La memoria de Cordero en primera persona: la historia de Diego Alaimo

Llegó desde Italia siendo joven y, con los años, se formó como mecánico, paramédico y enfermero.

Por Juan Pablo Iozzia

Entre motores, chacras y memorias, Diego Alaimo es parte viva del pulso de Contralmirante Cordero. Llegó desde Italia siendo joven y, con los años, se formó como mecánico, paramédico y enfermero. En su voz se mezclan el olor a pasto cortado, el eco de los galpones de empaque y ese cariño sencillo por un pueblo que eligió como propio.

Ya es la segunda pava que baja del fuego, y el mate humea entre sus manos curtidas. Ahí, mientras se oyen pájaros y algún motor viejo acomodándose a la tarde, Diego empieza a desgranar su historia. “Nos quedamos en Cordero porque acá teníamos familiares y porque mi papá consiguió trabajo enseguida. A los 18 estudié mecánica, me recibí y arranqué a laburar. El lugar nos gustaba: estaba rodeado de chacras y trabajo no faltaba”, recuerda con una sonrisa que parece venir de otras temporadas de cosecha.

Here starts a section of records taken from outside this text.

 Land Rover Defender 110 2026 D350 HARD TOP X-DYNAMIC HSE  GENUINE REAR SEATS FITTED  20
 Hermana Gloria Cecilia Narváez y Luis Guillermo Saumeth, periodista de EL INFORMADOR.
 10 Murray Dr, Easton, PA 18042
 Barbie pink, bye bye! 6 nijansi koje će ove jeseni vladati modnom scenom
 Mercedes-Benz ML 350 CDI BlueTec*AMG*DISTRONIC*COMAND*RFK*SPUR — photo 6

Los primeros años fueron de movimiento y abundancia. Las chacras respiraban vida; los galpones de empaque hervían de gente y el pueblo se llenaba de acentos que venían de todas partes. “En esa época llegaba mucha gente de Chile y de provincias como Entre Ríos, Corrientes o Tucumán. Había tanto trabajo que la mano local no alcanzaba”, cuenta. Hoy, sin embargo, la postal es otra: “Con el tiempo, muchas chacras fueron desapareciendo para dar lugar a viviendas, y la producción cayó. Eso me da tristeza. Lo ideal habría sido poblar la zona de bardas y mantener viva la producción”. Más allá de eso, enseguida rescata el corazón del lugar: “Lo que no cambió es el espíritu de pueblo chico, donde todos nos conocemos y nos saludamos. Eso sigue firme, y es lo más valioso”.

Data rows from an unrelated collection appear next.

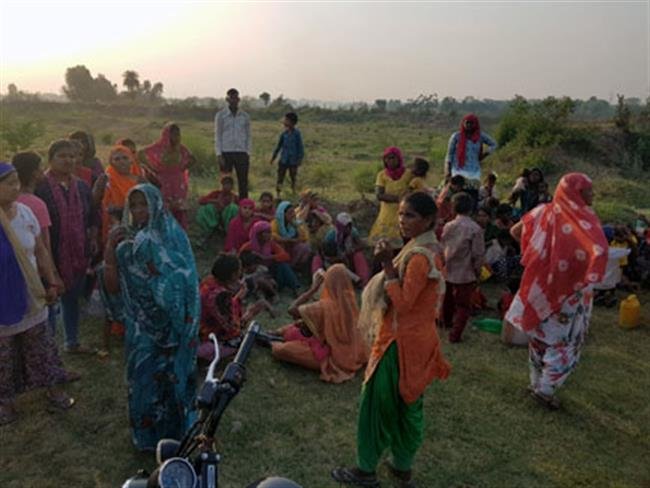 40 झुग्गियों में भयानक आग, एक बच्ची की जिंदा जलने से मौत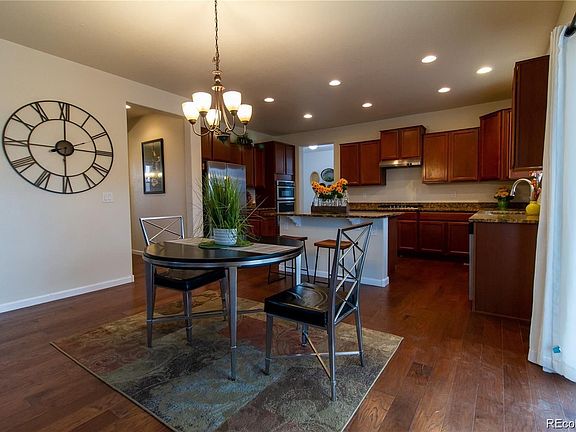 5th image of 42410 Glen Abbey Dr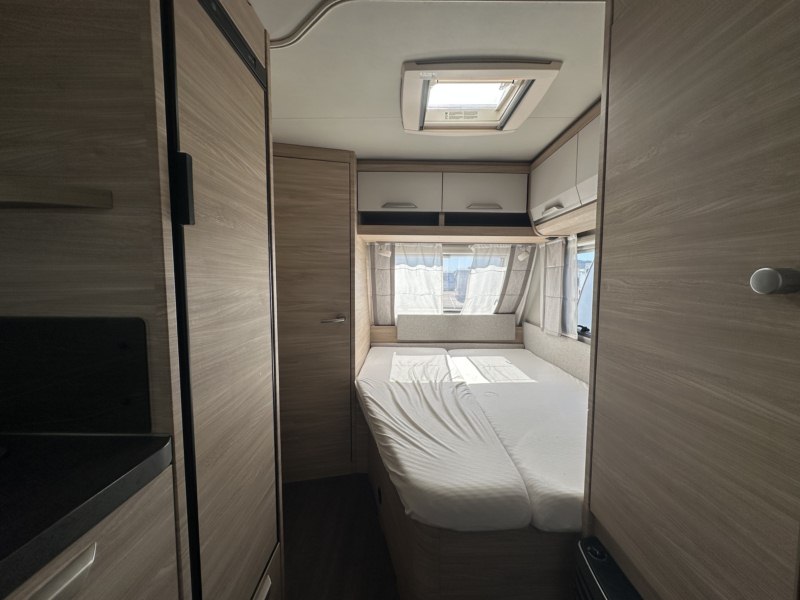 CARAVANA SEGONA MÀ KNAUS SÜDWIND 450 FU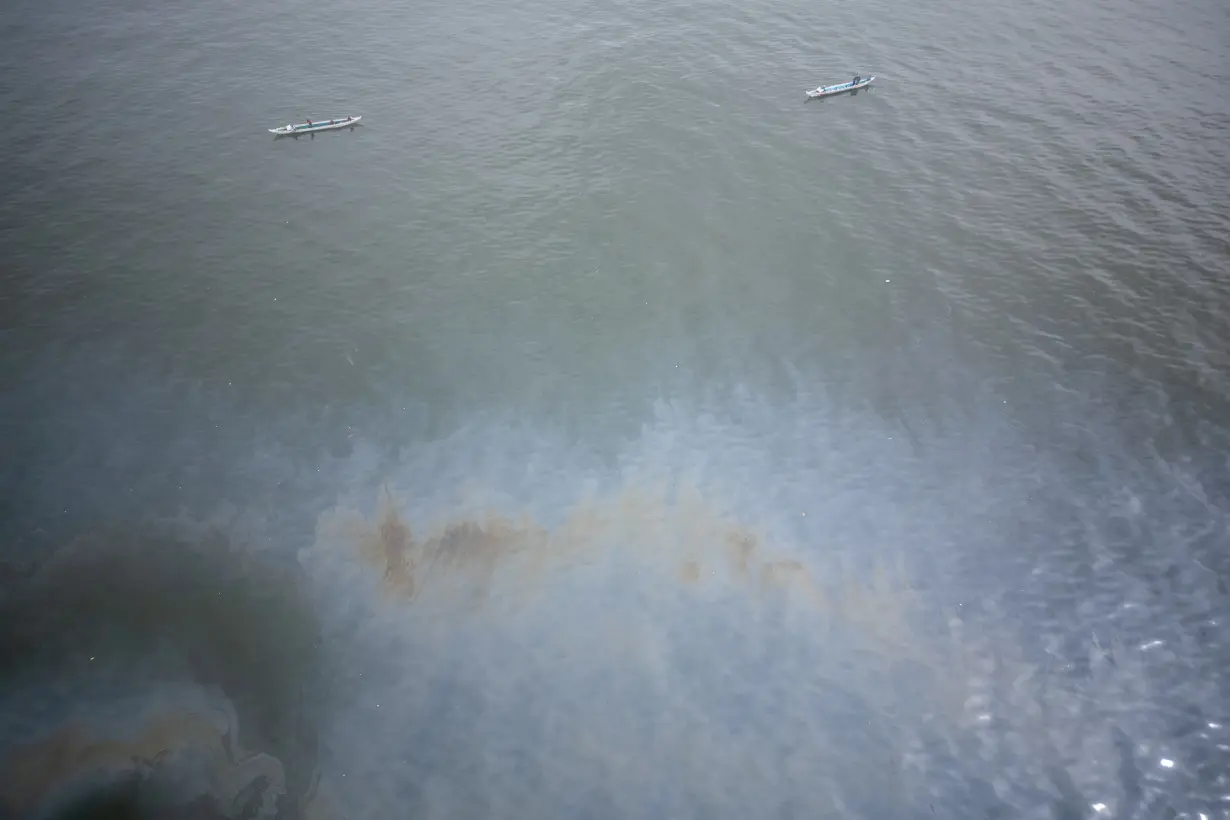 Oil spill in Manila Bay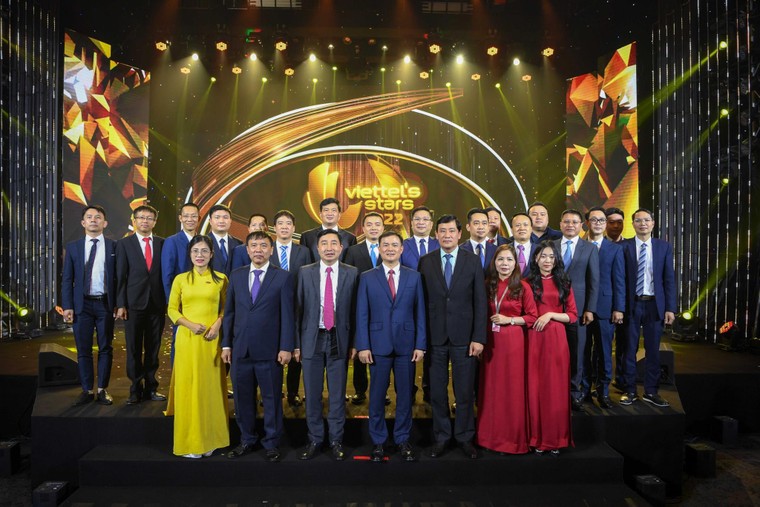 Viettel tôn vinh tập thể, cá nhân xuất sắc toàn cầu ảnh 2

El cariño que Diego siente por Cordero es profundo, de esos que se cosechan despacio. “La gente siempre nos trató muy bien. Más allá de las bromas de los chicos, nos recibieron con afecto y enseguida hicimos amigos. Era —y sigue siendo— un pueblo lleno de buena gente”, asegura. Pero también mira hacia atrás con cierta nostalgia el pasado productivo del pueblo: “Llegamos a tener seis galpones trabajando a pleno, y hoy solo queda uno, que funciona como cooperativa. El resto se vino abajo”. Su tono no es de queja: es la voz del que vio todo, y aún así sigue apostando.

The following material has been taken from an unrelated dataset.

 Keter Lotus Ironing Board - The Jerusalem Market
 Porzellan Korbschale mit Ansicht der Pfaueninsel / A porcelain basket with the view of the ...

A los 35 años decidió pegar un volantazo. “Me formé como paramédico y después como enfermero. A los 42 comencé a trabajar en un servicio de emergencias en Neuquén porque acá el trabajo era escaso.” Desde ahí, deja un mensaje claro para los que vienen: “Ojalá que las próximas generaciones recuperen la cultura del trabajo. Que haya empleo estable, que nadie tenga que irse. Cordero tiene todo para crecer: solo hace falta volver a creer en el esfuerzo y en el valor de la comunidad”.

Cordero cambió, sí. Pero Diego sigue firme, como esos árboles que vieron pasar tormentas, veranos y nuevas familias. Entre talleres que ya no suenan igual y chacras que quedaron en el recuerdo, conserva la esperanza de un pueblo que alguna vez fue sinónimo de esfuerzo y que todavía late, tozudo y noble, en cada vecino que decide quedarse.